> [How to complete this task]: Would you retype the listing below word for word, without any of its pictures?
%%
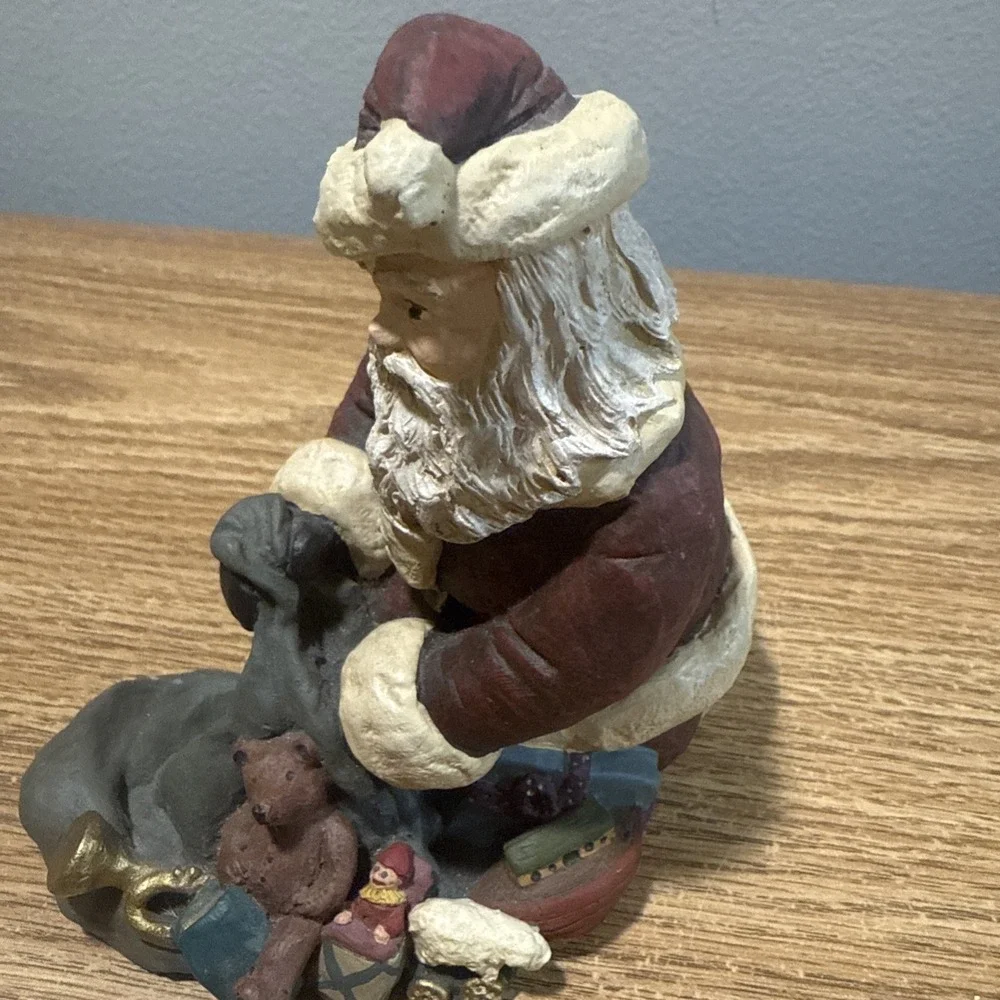 Santa Figurine Pulling‎ Toys Out Of A Sack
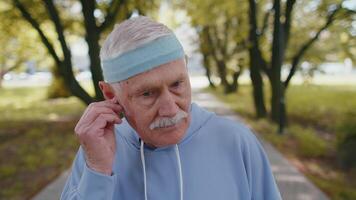 Portrait of athletic senior sport runner man wearing earphones listening music, smiling, cardio video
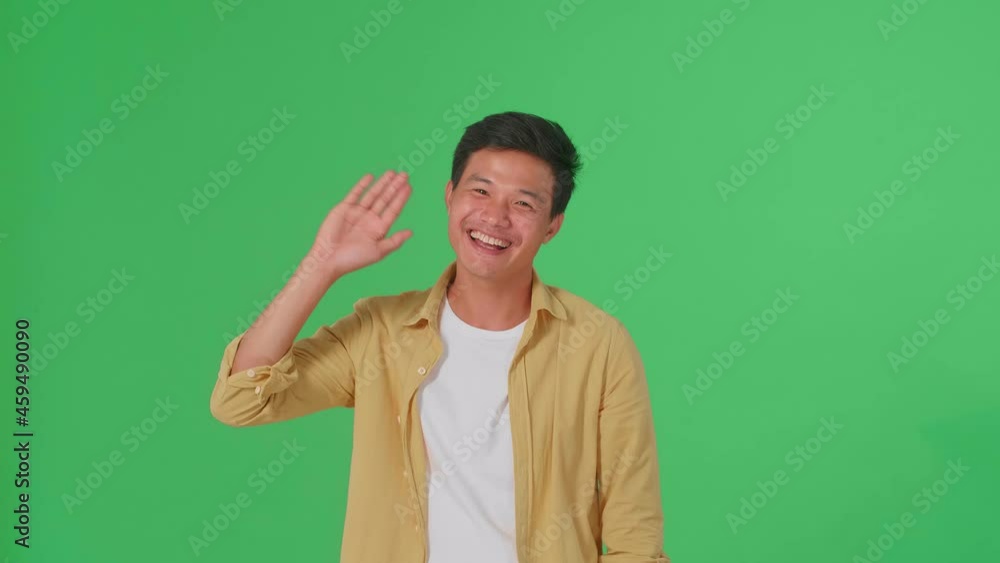 The Happy Young Asian Man Waving Hand While Standing On Green Screen In The Studio
The Happy Young Asian Man Waving Hand While Standing On Green Screen In The Studio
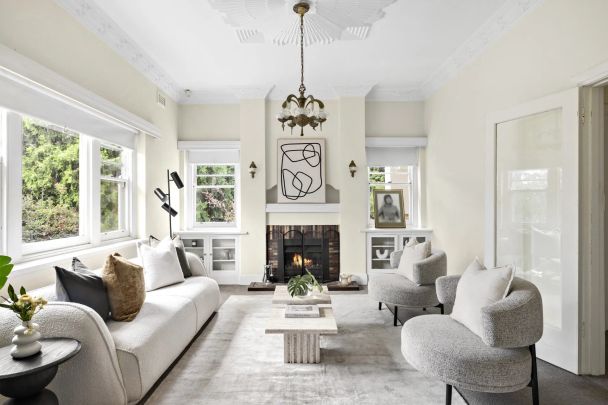 Family-Sized Art Deco Classic on a Prime Corner offering Comfort & Character - Photo 1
%%
> [Answer space]:
 Santa Figurine Pulling‎ Toys Out Of A Sack
 Portrait of athletic senior sport runner man wearing earphones listening music, smiling, cardio video
 The Happy Young Asian Man Waving Hand While Standing On Green Screen In The Studio
The Happy Young Asian Man Waving Hand While Standing On Green Screen In The Studio
 Family-Sized Art Deco Classic on a Prime Corner offering Comfort & Character - Photo 1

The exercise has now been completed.